Agreeing with Nettleton and Lowry, the state’s supreme court ruled that BLM didn’t own the rights because it doesn’t own cows and couldn’t put the water to beneficial use.
During the SRBA process, the water adjudication court ended up conveying 17,000 stock watering rights to the BLM prior to the Joyce ruling. However, since BLM cannot put the water to beneficial use, they are now in jeopardy of forfeiting these rights through non-use.
The Idaho Legislature passed a bill a few years ago that codifies the Idaho Supreme Court’s 2007 decision into state law, which paves the way for thousands of ranchers in Idaho to file competing claims for those in-stream stock watering rights on BLM land.
In an effort to keep those water rights, BLM is now encouraging permittees to sign agreements stating that they are agents of the federal government and that their livestock are putting the water to beneficial use for the agency.
In an email response, BLM officials said the agency is “encouraging permittees to sign the voluntary (agreements) to help ensure that they can continue to utilize the state-based stockwater rights obtained by the BLM for the term of their permit and any subsequent renewals. A signed agreement helps protect the stockwater rights in the permittees’ allotments from a possible future forfeiture proceeding.”
BLM said the agreements “ensure regulatory certainty for permittees and ensure that all stockwater rights in an allotment remain available for the permittee.”
During the court case, the BLM argued that they must hold the water rights to ensure the current and future grazers on federal lands had access to the water.
In its ruling, the Idaho Supreme Court rejected that assertion and it also said the BLM’s argument reflected a serious misunderstanding of Idaho water law.
But now BLM is asking ranchers who graze cattle on federal allotments to sign voluntary agreements that say they are “acting as a limited agent of the United States for the purposes of establishing and maintaining water rights solely in the name of the United States on federal public lands.”
If a permittee signs this agreement, “he is saying, I am an agent of the federal government and as such, my cattle are putting this water to beneficial use for the BLM so they can hold stockwater rights in their name,” said IFBF Director of Governmental Affairs Russ Hendricks. “There is no other way the BLM can have a stockwater right unless they have an agent who is putting the water to beneficial use for them.”
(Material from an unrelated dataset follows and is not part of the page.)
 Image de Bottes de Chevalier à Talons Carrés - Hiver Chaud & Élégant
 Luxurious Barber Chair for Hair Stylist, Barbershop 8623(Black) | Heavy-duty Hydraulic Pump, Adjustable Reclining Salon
Speaking at an IFBF water rights conference in 2015, Justice Dan Eismann, who wrote the court’s decision, said, “People did not come West to be agents of the federal government, so that was easily rejected.”
He also said that “water rights on federal land are appurtenant to the person who is watering the stock.”
Hendricks said Congress has made it clear that stock owners are authorized to seek and receive stockwater rights on federally administered land.
By signing the BLM agreement, “The rancher would then have no opportunity to file for those stockwater rights in his name because the BLM would already have them,” Hendricks said.
If a permittee does not sign the agreement, Hendricks said, the BLM could potentially forfeit a water right that was decreed to them during the SRBA because they are not putting it to beneficial use. Meanwhile, the rancher would be free to file for that water right in their name with the Idaho Department of Water Resources.
“Under the Joyce Livestock decision by the Idaho Supreme Court, if the permittees own and manage the livestock, they should own the water rights,” said Paul Arrington, executive director of the Idaho Water Users Association. “They are the ones putting the water to beneficial use.”
He said that permittees’ deferred claims are valid water rights recognized under Idaho water law and therefore, even if BLM’s adjudicated water rights are forfeited, the permittees still have a valid, underlying water right that they are entitled to file upon.
“A water right is based on beneficial use: You have to actually use the water,” Arrington said. “The water cannot be claimed by anyone who has not actually used that water.”
“Our advice at this point is to think long and hard about it before signing,” Hendricks said. “The down side of signing the agreement is you are eliminating any possibility of obtaining that stock water right in your name in the future as long as the agreement is in force.”
Lowry, one of the ranchers who prevailed in the Joyce Livestock Decision, said BLM’s recent attempt to get ranchers to sign these voluntary agreements “looks like a back-door scam. It looks like they are trying to stampede people into signing up by essentially using scare tactics.”
“I don’t like it at all,” he said. “It rubbed me the wrong bloody way.”